I mean, you know, it does take time to change guidelines, but I don't think anybody can argue with the power of the data set that that's been produced.
So yeah, one thing I will add to this, the more I think about the question about the daily clinic. Practicality will win, so it's like a device, ease of use always wins, okay? You never use a complex device, you use the easiest one to use. This strategy is practical. It's easy to use. You have severe AS, you refer. If you're a busy clinician, you want to see 40, 50 patients a day, and you have severe AS coming with no symptoms, that's going to take three minutes. I'm going to refer you to an expert. I'm not going to dance around the stress tests, explain pros and cons. You can refer. So that, I think that's what's going to happen in the mind, like, severe AS, refer.
Instead of dancing around, it's going to be practical, and then we can go to moderate. But that's the practicality of just get the CAT scan, get referred, and treated.

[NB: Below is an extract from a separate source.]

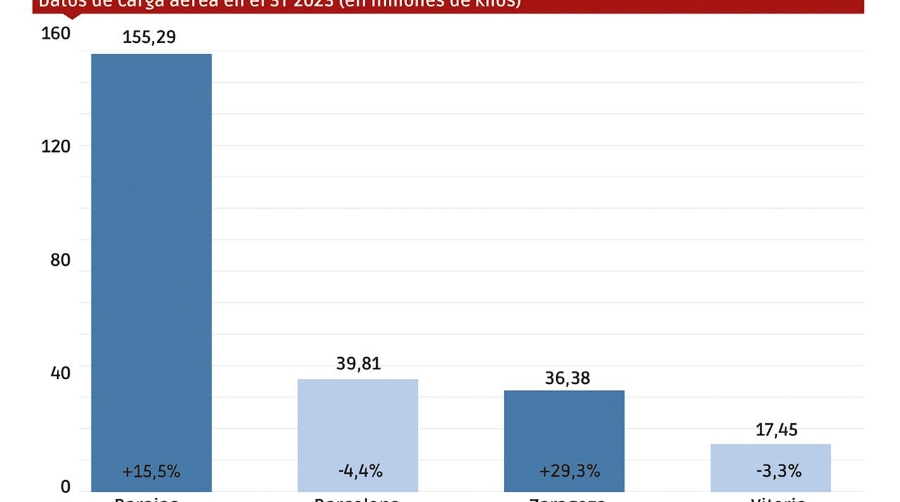 Madrid-Barajas mantiene su velocidad de crucero y Zaragoza despierta del ostracismo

We believe, you know, this one will have a big impact on the opportunity. What we are going to give you in a few weeks from now in New York at the investor conference, a deep dive about, you know, how do we think about that, you know. Again, you know, today was, you know, the first day about us, you know, releasing the data. All of this data were embargoed, so even our team, we didn't have access, you know, many other people didn't have access to this data. So between now and investor conference, we are going to work on that, and you will see, you know, our take on, you know, this market. But again, remember, you know, what we are going to tell you is what we think.
And again, you know, we are going to learn a lot in the next, you know, few years about, you know, patients with no symptoms. And I bet, you know, the opportunity that, you know, we are going to tell you in December is going to be bigger next year and bigger in the year after. So again, you know, let's be ready for that. So let me, you know, close, you know, this meeting. You know, as I said in my opening, you know, I believe it is a big day, a big day for patients, big day for physicians and the clinical community. You know, big day, big day for the company. You know, TAVR is a very important, you know, franchise, you know, for Edwards. And today, you know, what we brought here is a different way of thinking.

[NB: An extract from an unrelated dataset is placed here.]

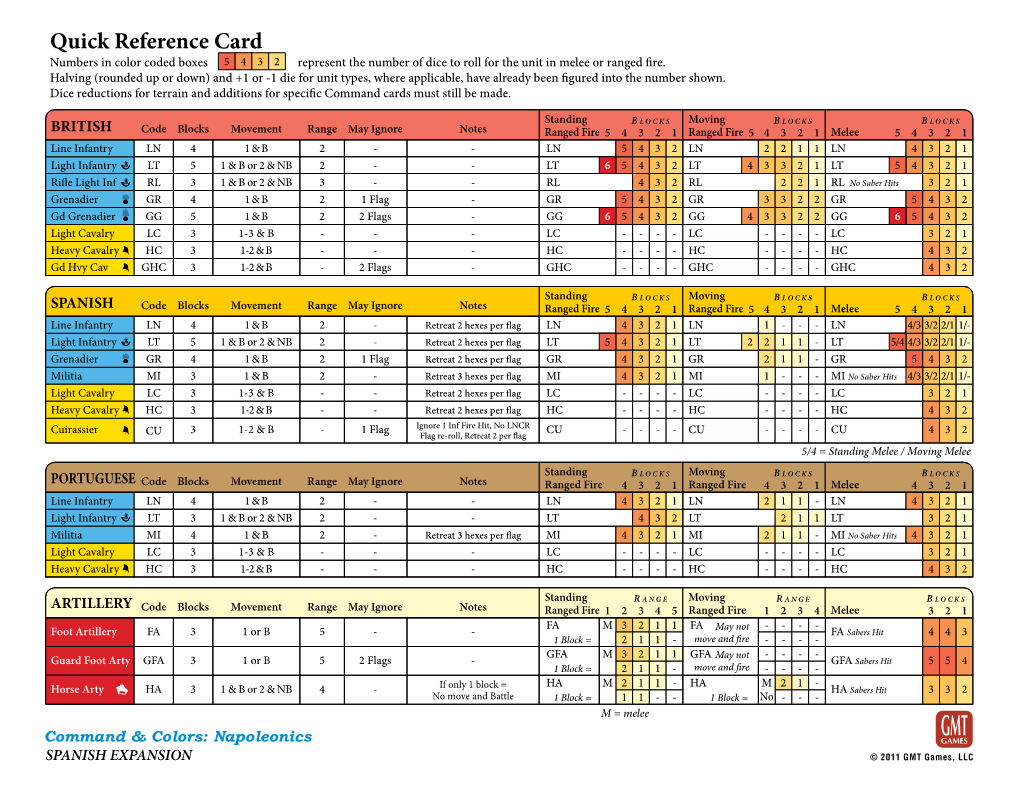 Quick Reference Card Numbers in Color Coded Boxes 5 4 3 2 Represent the Number of Dice to Roll for the Unit in Melee Or Ranged Re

We brought, you know, evidence to think about, you know, disease management. It is truly a data, you know, to further unlock, you know, this potential ahead of us. You know, this kind of excellent, you know, high-quality clinical research cannot happen, you know, without, you know, the partnership with a physician, with the clinical community, and with leaders like Dr. Philippe Genereux. Philippe, you know, thank you so much for being with us. Thank you so much for having led us, you know, through this amazing trial, and I know you have much more to come. Thank you so much. Thank you, everyone.